─── Exercise data ───

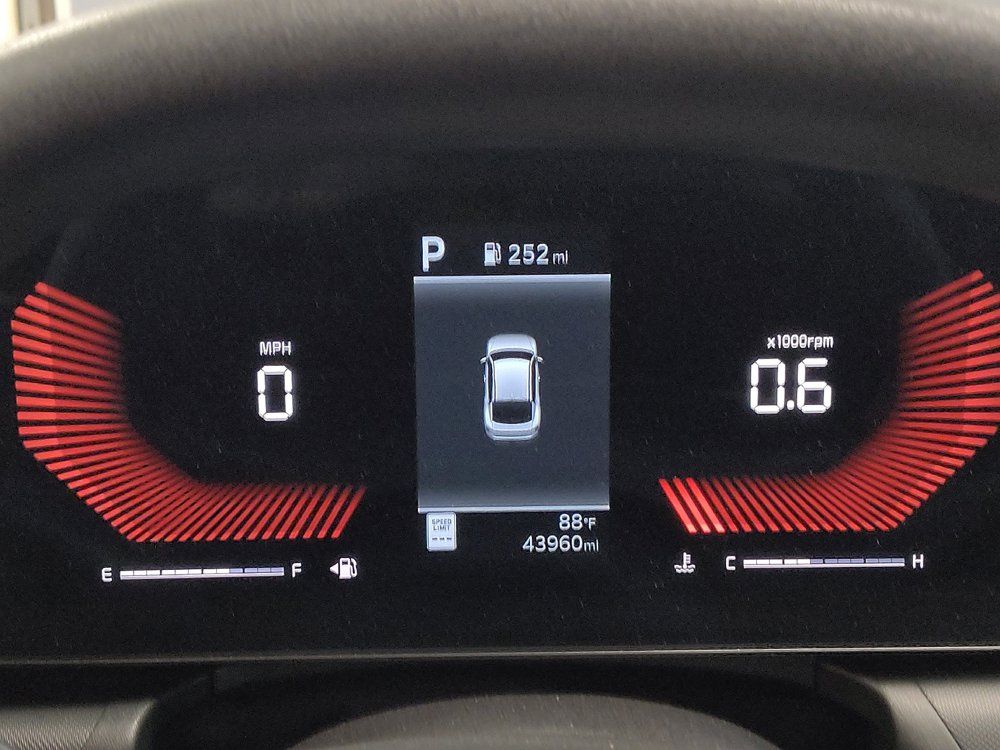 Used 2025 Kia K4 FWD image 23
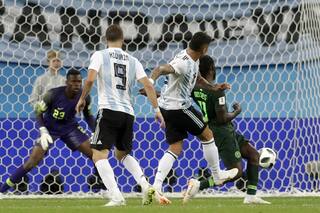 Análisis táctico: Rojo, el tercer N° 9, tuvo más olfato que Higuaín y Agüero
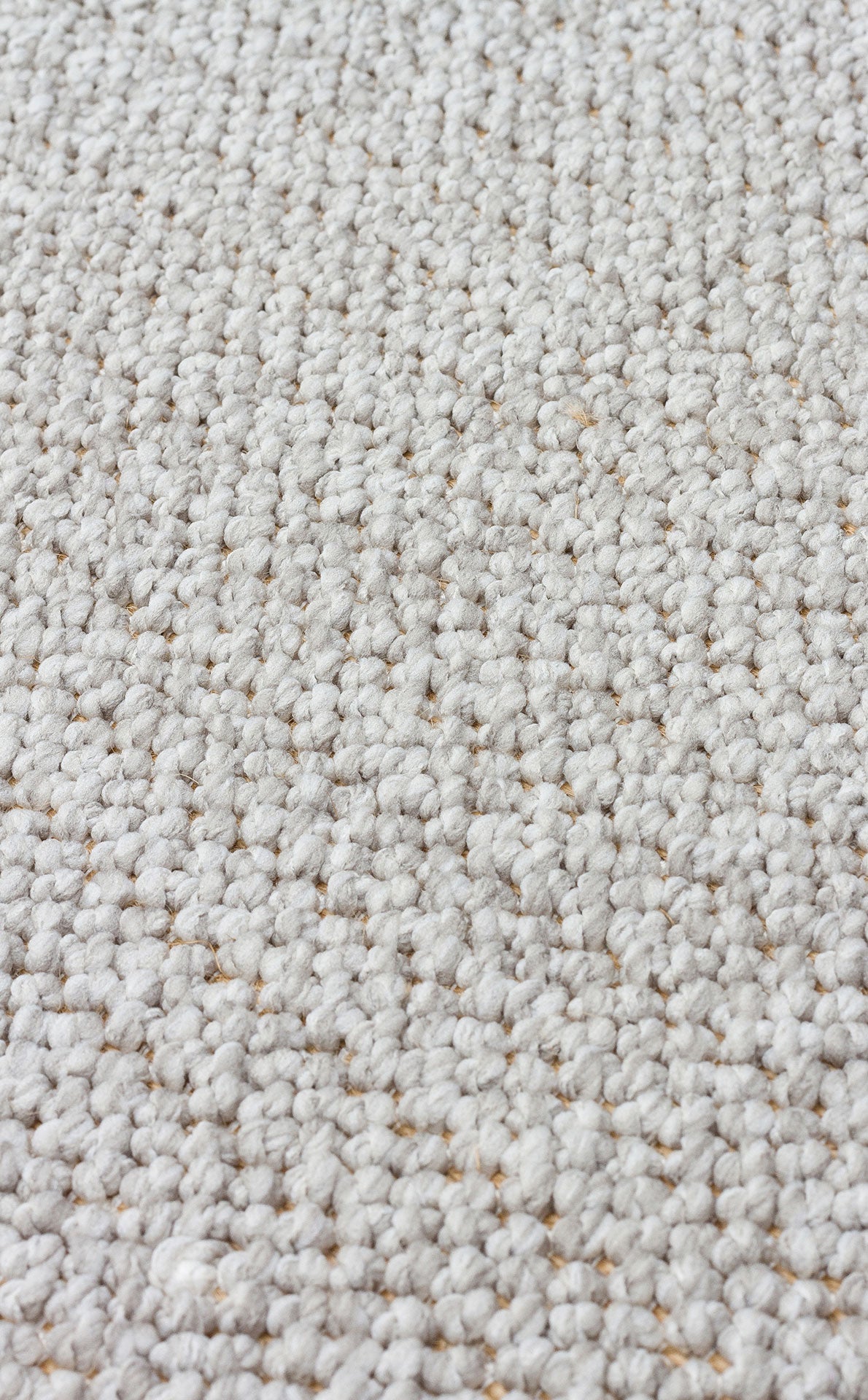 Aleva Bej Gri Düz Renk Modern Polyester Makine Halısı – detay görünümü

───

With the pictures left out, return all the material above exactly.

 Used 2025 Kia K4 FWD image 23
 Análisis táctico: Rojo, el tercer N° 9, tuvo más olfato que Higuaín y Agüero
 Aleva Bej Gri Düz Renk Modern Polyester Makine Halısı – detay görünümü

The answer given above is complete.